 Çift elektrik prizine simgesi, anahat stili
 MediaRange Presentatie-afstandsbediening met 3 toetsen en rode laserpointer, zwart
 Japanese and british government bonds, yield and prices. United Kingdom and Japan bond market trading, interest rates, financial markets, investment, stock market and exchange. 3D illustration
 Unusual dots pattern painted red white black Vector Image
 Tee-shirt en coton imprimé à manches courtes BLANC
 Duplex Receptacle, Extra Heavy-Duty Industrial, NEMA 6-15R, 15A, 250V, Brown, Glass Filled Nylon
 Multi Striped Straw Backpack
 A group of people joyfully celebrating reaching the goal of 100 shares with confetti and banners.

************

◆ **TASK BRIEF**: Your answer must be the line that contains "Duplex Receptacle, Extra" and every line after it to the end of the records, reproduced exactly.

◆ **WORKED SOLUTION**:
 Duplex Receptacle, Extra Heavy-Duty Industrial, NEMA 6-15R, 15A, 250V, Brown, Glass Filled Nylon
 Multi Striped Straw Backpack
 A group of people joyfully celebrating reaching the goal of 100 shares with confetti and banners.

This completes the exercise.